DATASET:
= Beginning of Section =

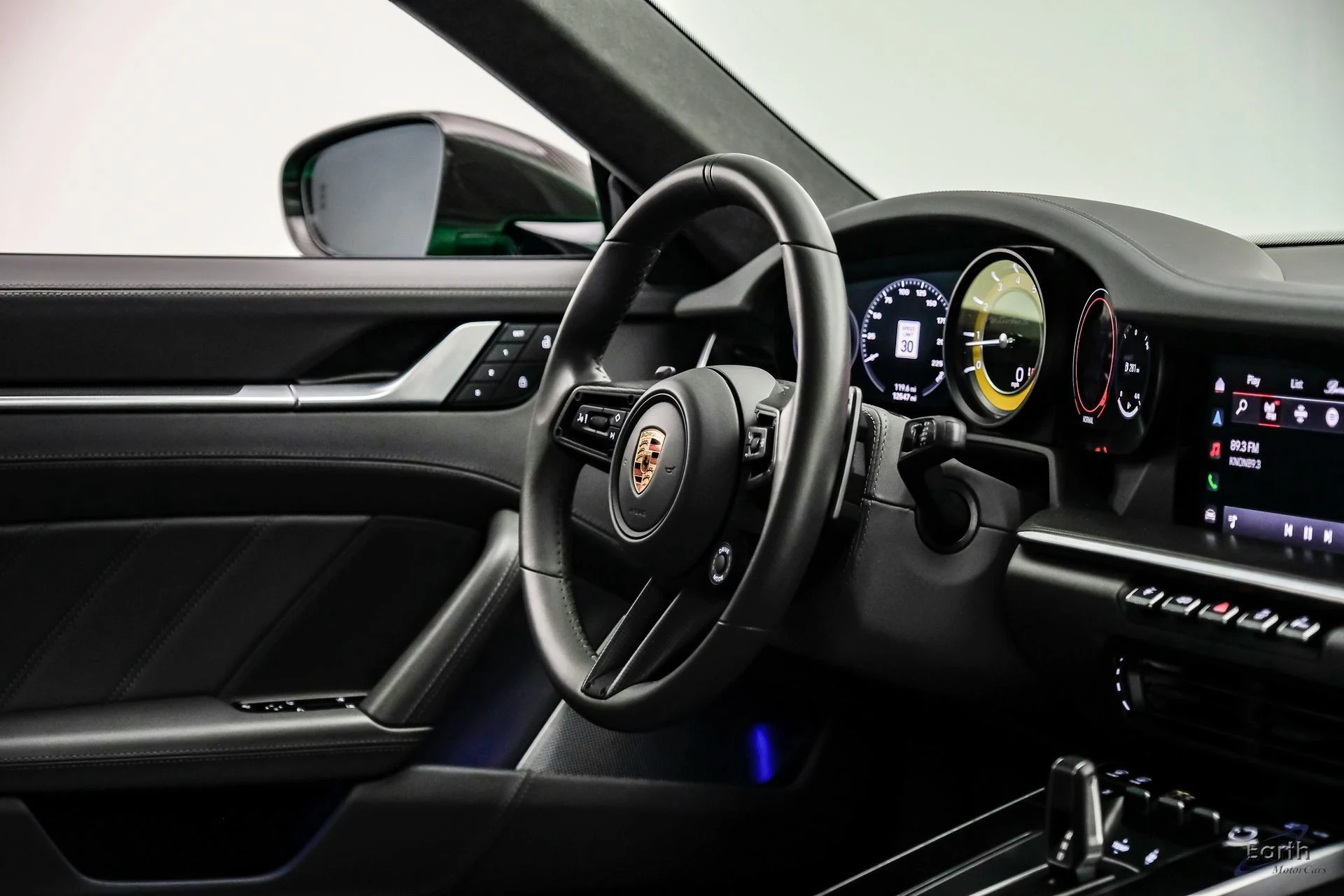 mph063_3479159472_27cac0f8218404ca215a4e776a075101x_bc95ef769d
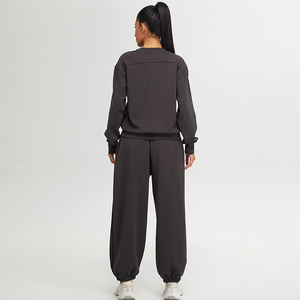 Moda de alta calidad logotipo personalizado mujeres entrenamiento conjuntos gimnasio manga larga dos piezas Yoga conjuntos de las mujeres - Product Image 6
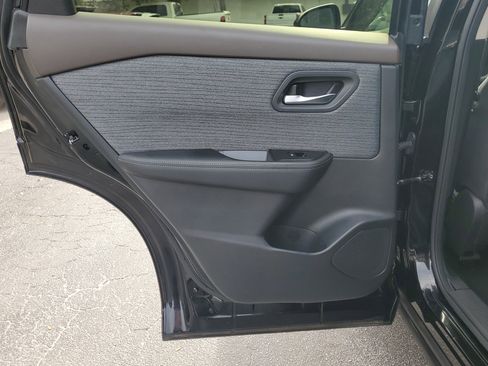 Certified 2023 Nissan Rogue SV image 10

= End of Section =
= Beginning of Section =

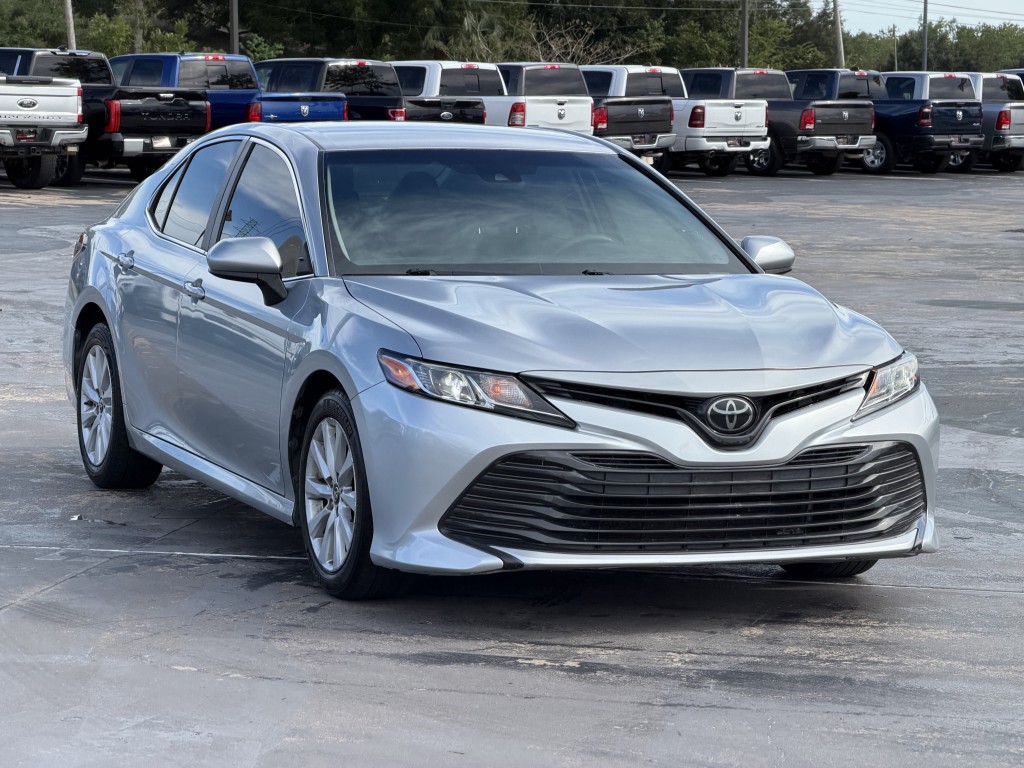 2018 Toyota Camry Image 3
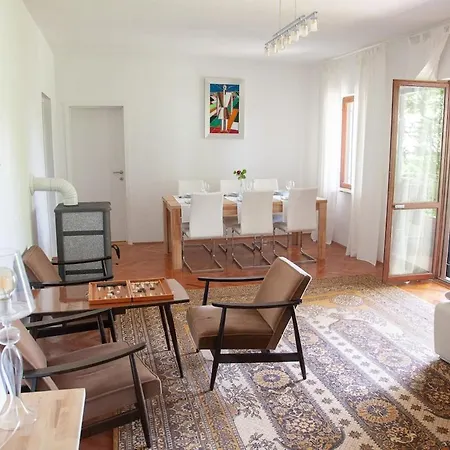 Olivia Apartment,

= End of Section =

In the data above, retype only the stretch from the line with "mph063_3479159472_27cac0f8218404ca215a4e776a075101x_bc95ef769d" through the line with "Certified 2023 Nissan Rogue SV image 10", word for word, and skip any pictures.

ANSWER SECTION:
 mph063_3479159472_27cac0f8218404ca215a4e776a075101x_bc95ef769d
 Moda de alta calidad logotipo personalizado mujeres entrenamiento conjuntos gimnasio manga larga dos piezas Yoga conjuntos de las mujeres - Product Image 6
 Certified 2023 Nissan Rogue SV image 10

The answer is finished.